School Board mulls fate of high school building
September 21, 2011Rocky Mount High School
NASHVILLE - Nash-Rocky Mount School Superintendent Anthony Jackson is urging school board members to begin action to decide the fate of the old Rocky Mount High School Building as its new facilities near completion.
During a school board work session on Monday, Jackson suggested the formation of a committee to explore the options and report back to the school board.
According to Jackson, the new Rocky Mount high school facilities are over 60 percent complete and should be ready for occupancy by August of 2012. However, the move will mean that the school board must now decide how to best utilize the old building. Jackson does not see the disposal of the building as a viable option.
“We will likely need the facility to help relieve over-crowding in other schools,” Jackson said, noting that this year had seen a significant rise in the number of high school students in the system. “The school system has invested in the current facility over the years and it is believed that the facility should continue to be used to address enrollment and capacity needs.”
Jackson suggested several strategies that could be used to draw students to under-used facilities. Most of the suggestions involved expanding or enhancing program offerings such as expanded high school IB (International Baccalaureate) program, establishing a middle school pre-IB program, establishing a performing arts focused curricula, or developing more career training options.
As far as the disposition of the current Rocky Mount High School building, Jackson suggested that the school board consider several options. He suggested a few considerations including the creation of a sixth middle school, possibly as a magnet school with a themed focus.
Another option, Jackson said, would be to relocate Parker Middle School to the current RMHS facilities next year and then begin to redistrict the middle schools in order to balance enrollment. Under this plan, it may be possible to then re-purpose the current Parker Middle School to serve as an additional elementary school, thus allowing Baskerville Elementary to focus on grades K-2 and Parker to focus on grades 3-5, Jackson added.
A third option, Jackson explained, would be to redistrict the high schools in order to reduce over-crowding and to balance enrollment. However, all options would involve money to update the current facilities for the new purpose as well as consideration of the emotional impact of changing redistricting patterns.
In order to lessen this emotional impact, Jackson urged the board to enlist community support from the beginning, possibly including community representation on the committee to study the options. He also suggested that board members considering spending $40,000 to $50,000 to hire an outside demographer to study shifting population trends in order to have neutral input into the redistricting decisions that may need to follow.
“These are not the only options,” Jackson said. “You may decide on a hybrid of the plans or you may decide to do something truly cutting edge that we have not considered yet.

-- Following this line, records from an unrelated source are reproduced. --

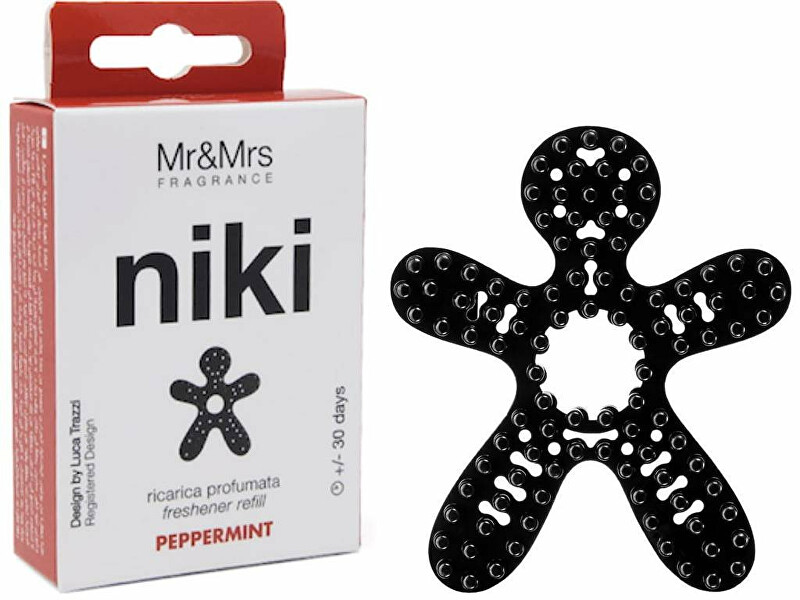 Mr&Mrs Fragrance Niki Big Pepper Mint - náhradní náplň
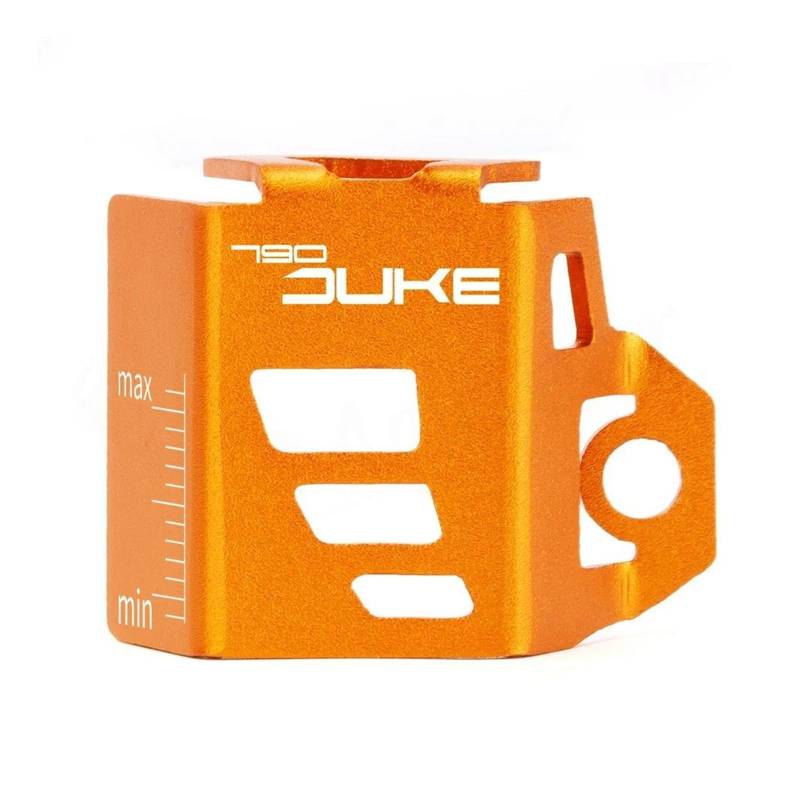 Schutzhülle Für Duke 790 890 Duke R 790 Duke 790DUKE 890DUKE Motorrad Zubehör Hinten Flüssigkeit Reservoir Schutz Cover Schutz(Orange) von AMASONY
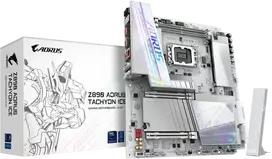 GIGABYTE Z890 AORUS TACHYON ICE Pagrindinė Plokštė | ATX, LGA1851, DDR5
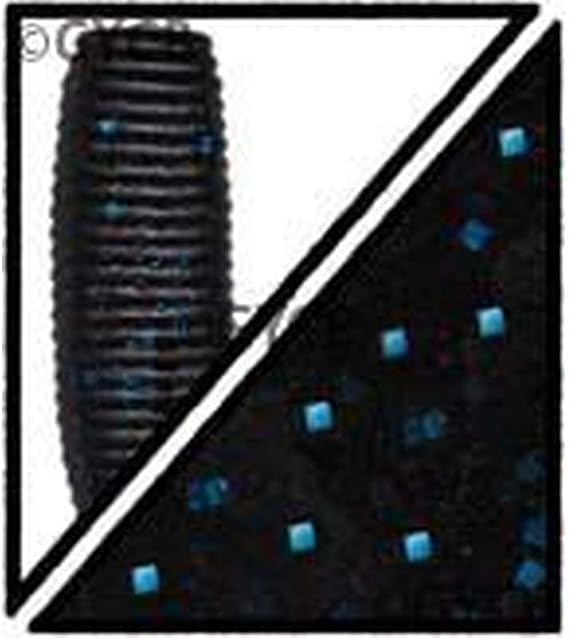 Yamamoto 5" PRO SENKO BLACK W/ LARGE BLUE FLAKE (10 PACK)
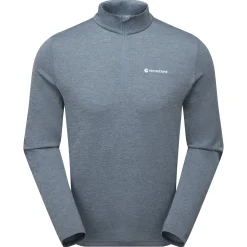 Montane Men's Dart Zip Neck T-Shirt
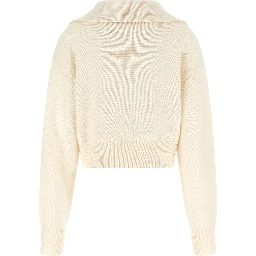 White Cashmere Cardigan
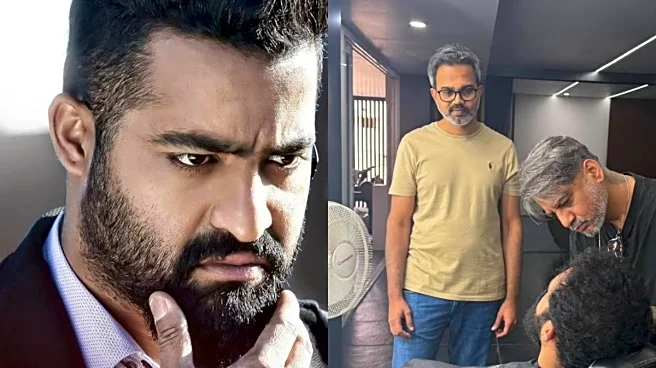 Jr NTR And Prashanth Neel Gear Up For Next Schedule Of Epic Action Spectacle ‘NTRNeel’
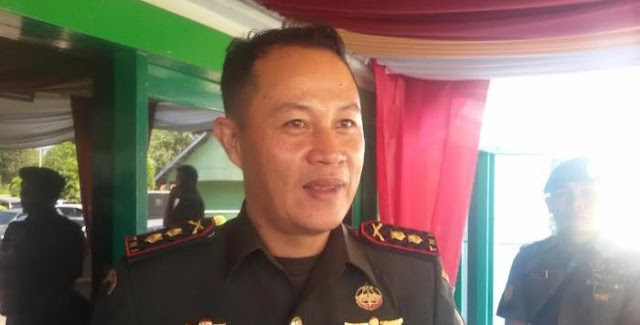 Sungguh Terlalu, Dandim Suruh TNI Berjaga Saat Pesta Narkoba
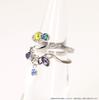 Demon Kimetsu No Yaiba Double Obanai Slayer Ring/Iguro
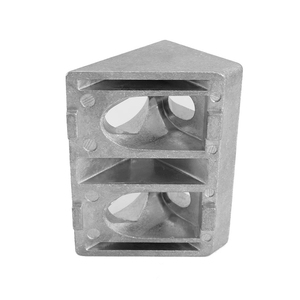 DFH nhà máy của khe 8 Cửa Sổ Khung kim loại 45 độ góc nhà máy hoàn thành cấu trúc tam giác nhôm - Product Image 4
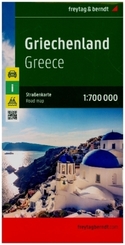 Freytag & Berndt Autokarte Griechenland; Griekenland; Greece; Grèce; Grecia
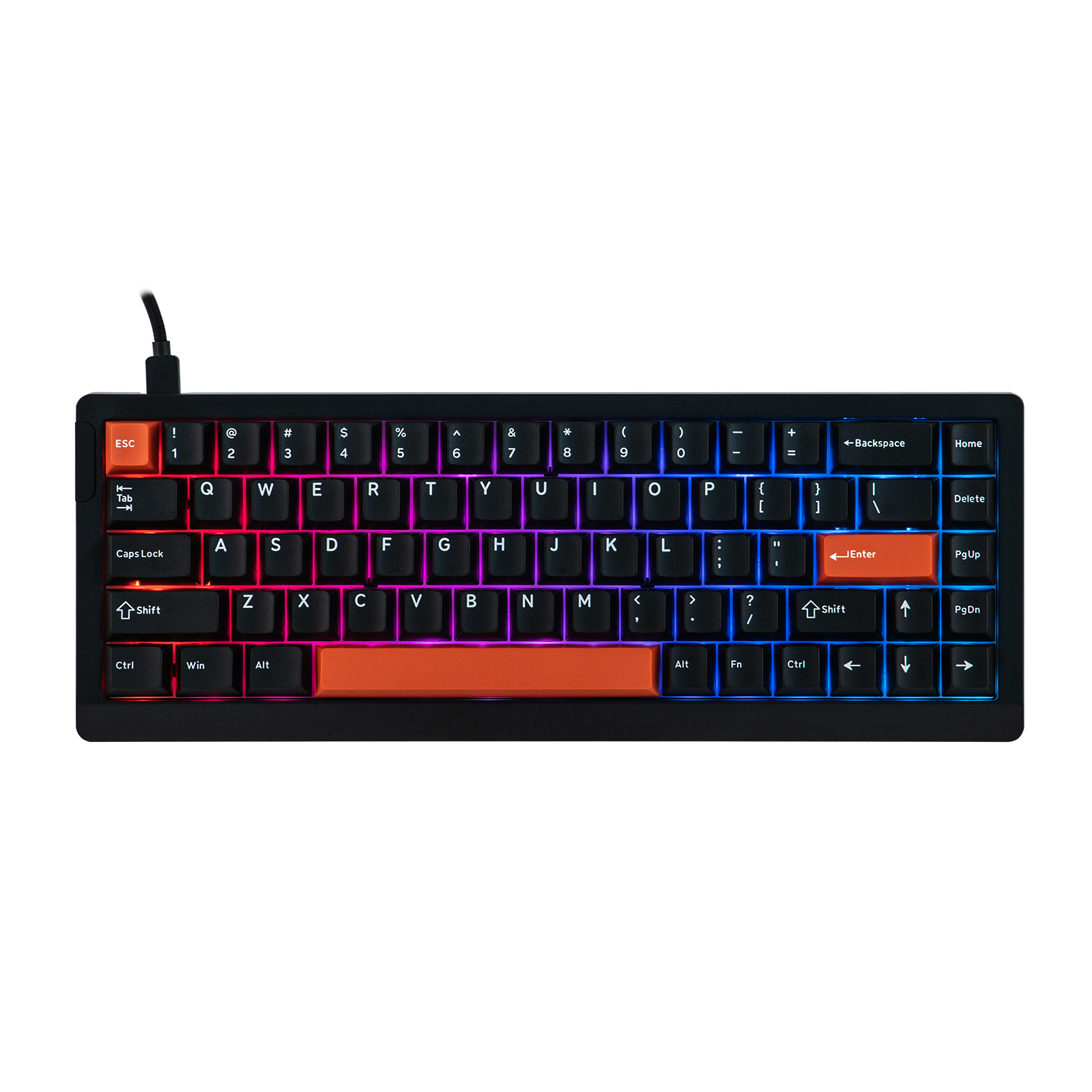EPOMAKER HE68 Lite 65%レイアウト トレイマウント式有線ホールセンサー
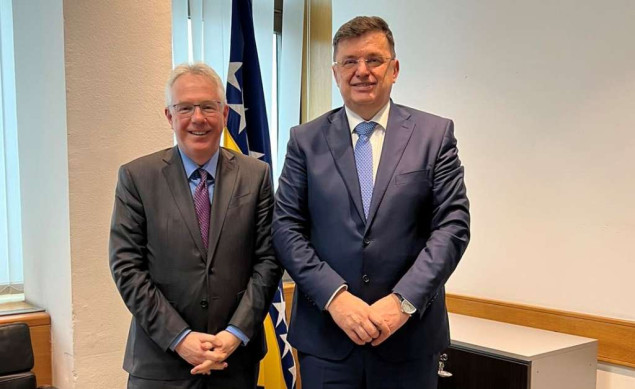 Tegeltija i Murphy: Neophodno nastaviti ekonomske reforme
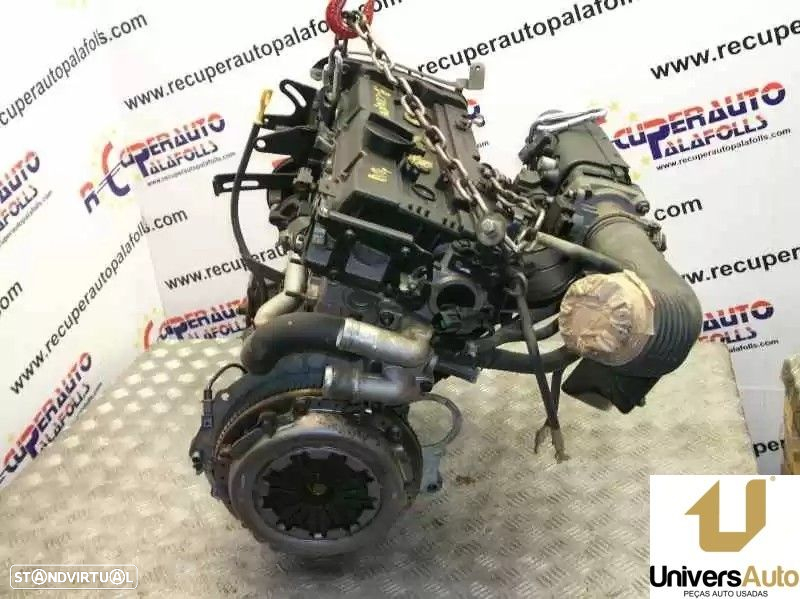 MOTOR COMPLETO HYUNDAI COUPE 2004 -G4ED - 5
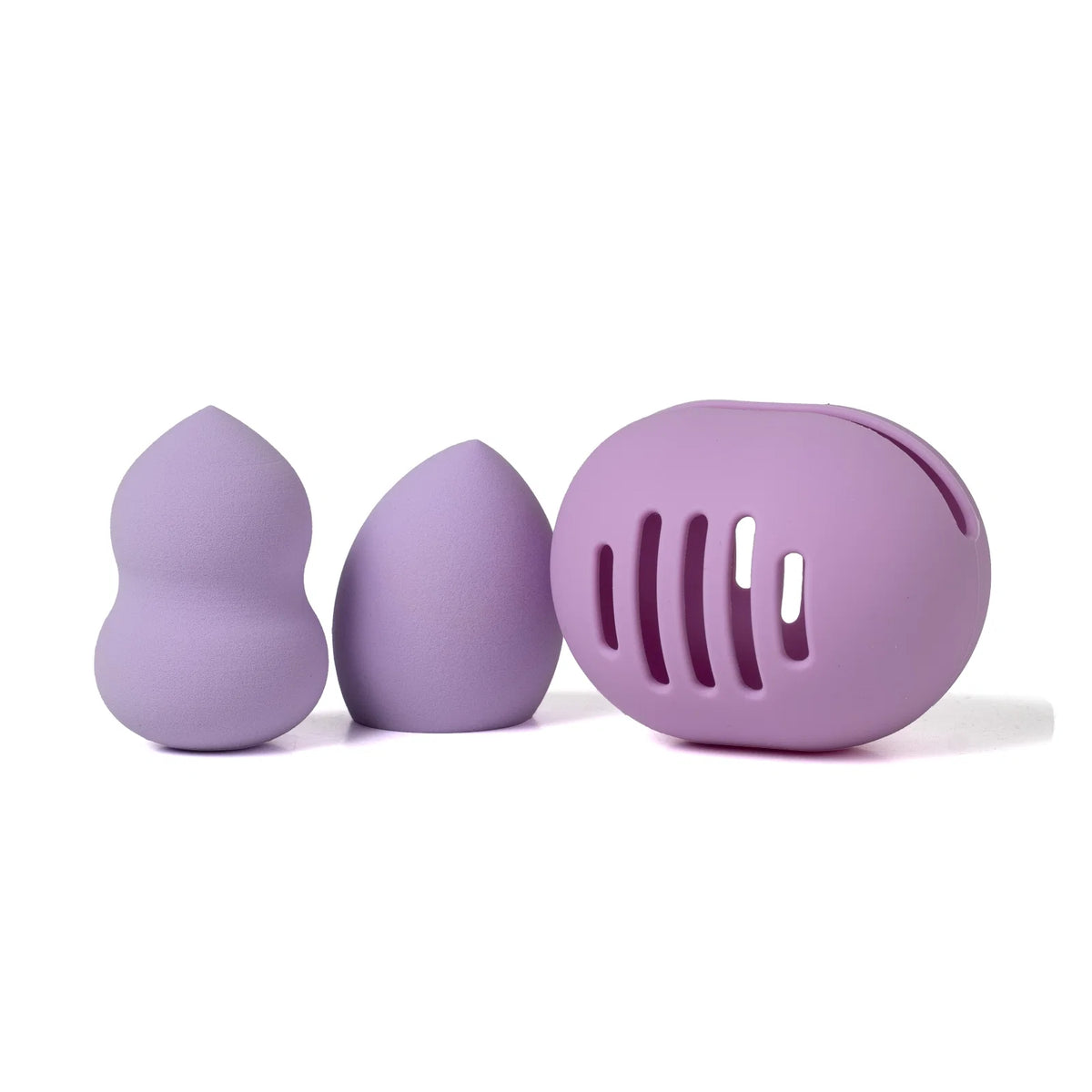 Lemon Lavender On a blender makeup sponge set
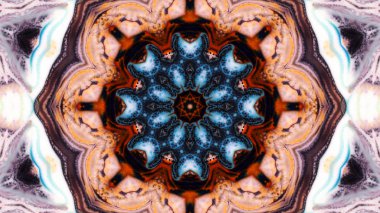 soyut renkli kaleydoskop arka plan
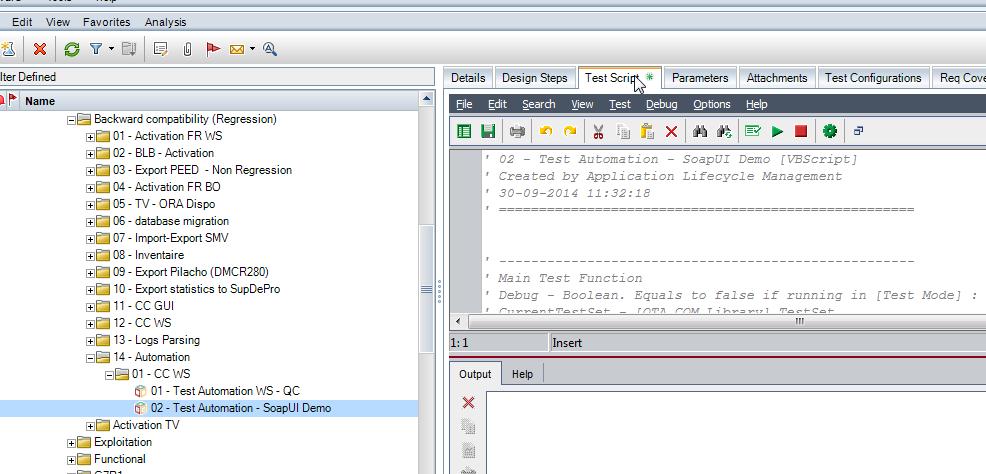 Automation and more: SoapUI Tests : Integration with QC/ALM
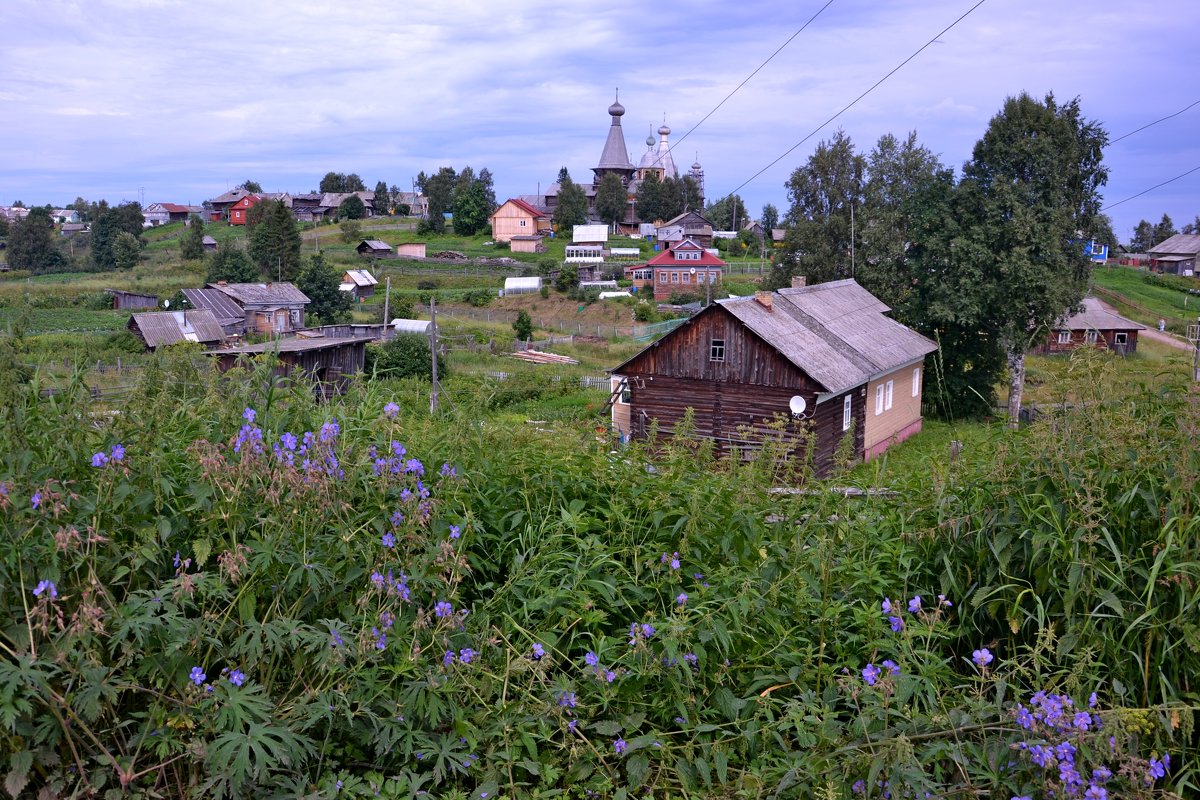 село Нёнокса - Елена Третьякова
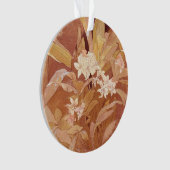 Alphonse Mucha Art Nouveau Floral Detail Ornament (Vorderseite)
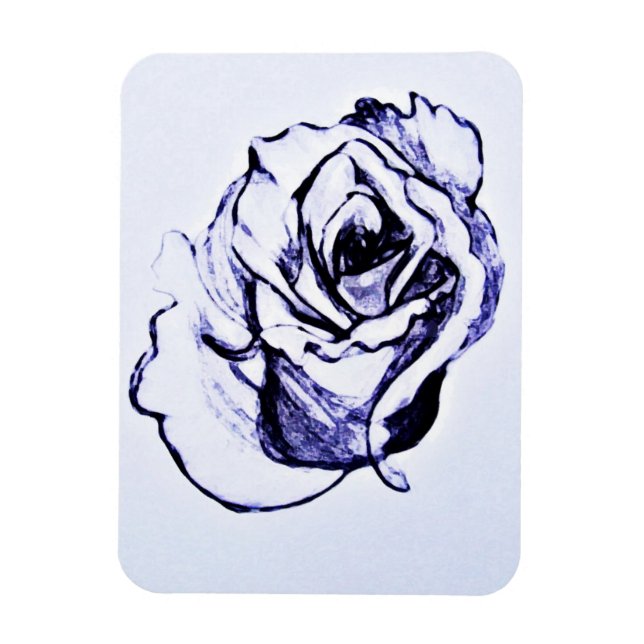 Blomma Magnet (Vertikal)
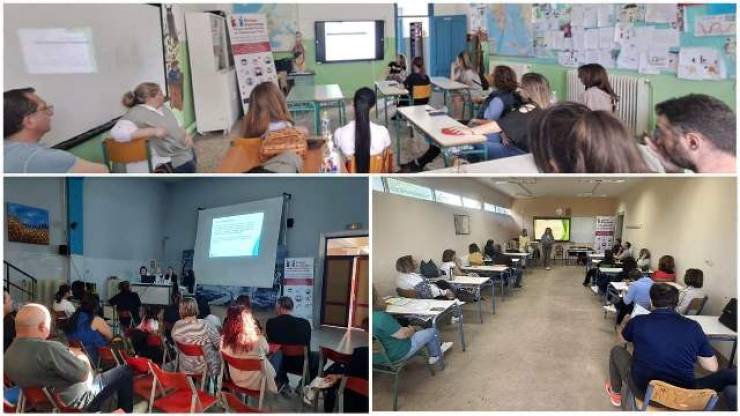 Ενδοσχολικές επιμορφώσεις – ενημερώσεις πραγματοποίησε σε τρεις σχολικές μονάδες το Κέντρο Κοινότητας με Παράρτημα Ρομά του Δήμου Αλεξάνδρειας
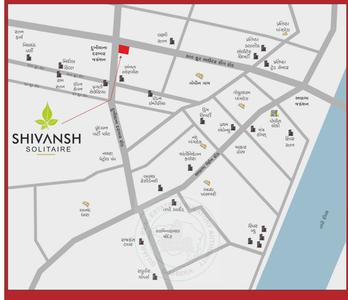 Project Image of 709.34 - 721.83 Sq.ft 2 BHK Apartment for buy in Ruhi Shivansh Solitaire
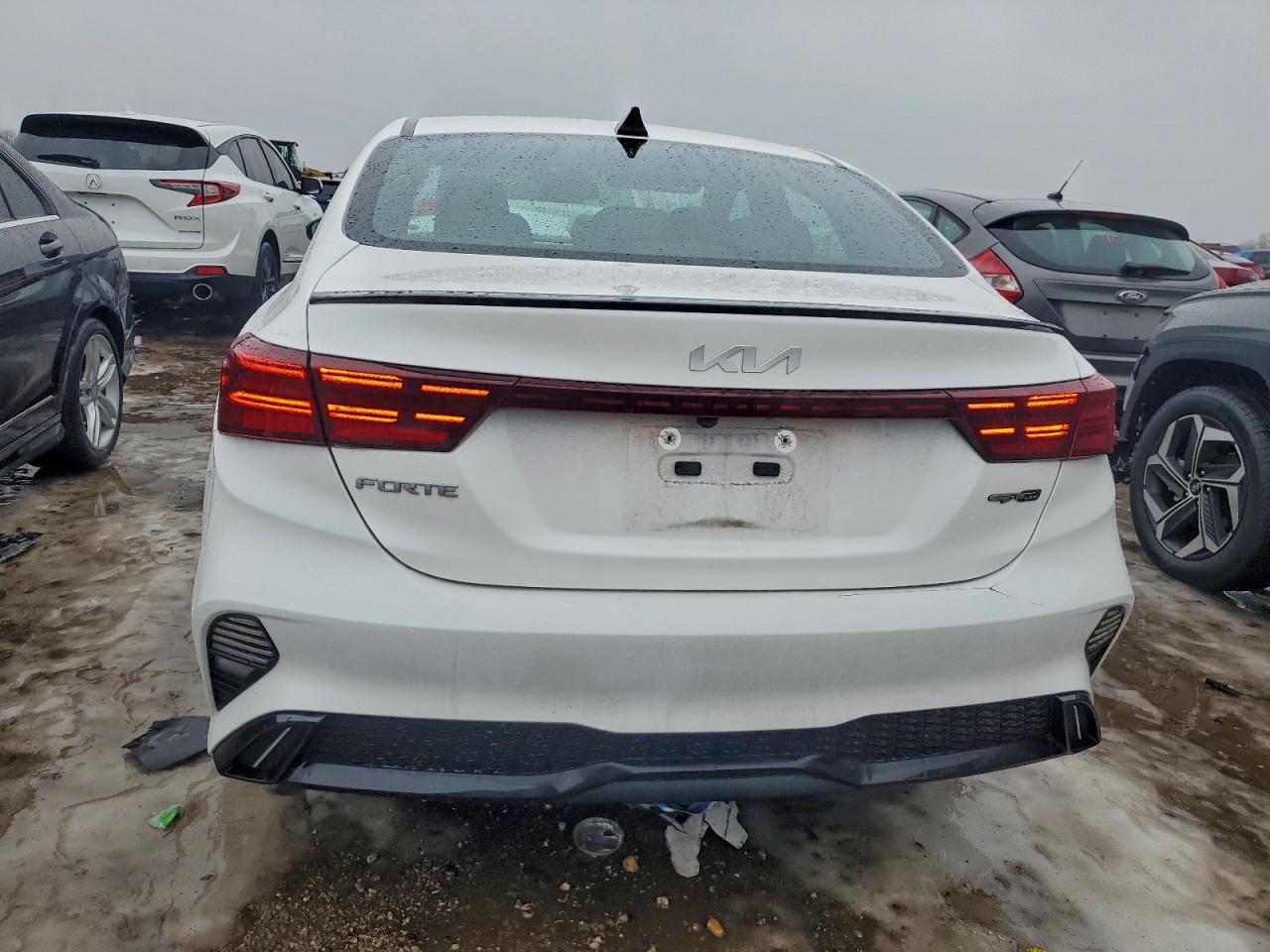 2022 KIA FORTE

But the decision needs to be made fairly soon. This is only a few months away,” Jackson explained.
School Board Chairman Bob Jenkins suggested that another possible option may be to use the facility as a middle college for drop-out prevention or even to adapt the facility for two purposes. “It is a pretty big facility,” he said. “There should be a lot we can do with it.”
School Board member Robert Bynum said that he already had ideas on the subject. “I have got the plan, but I am not going to reveal it yet,” he said cryptically.
The school board plans to take up the matter more fully during the retreat scheduled in October.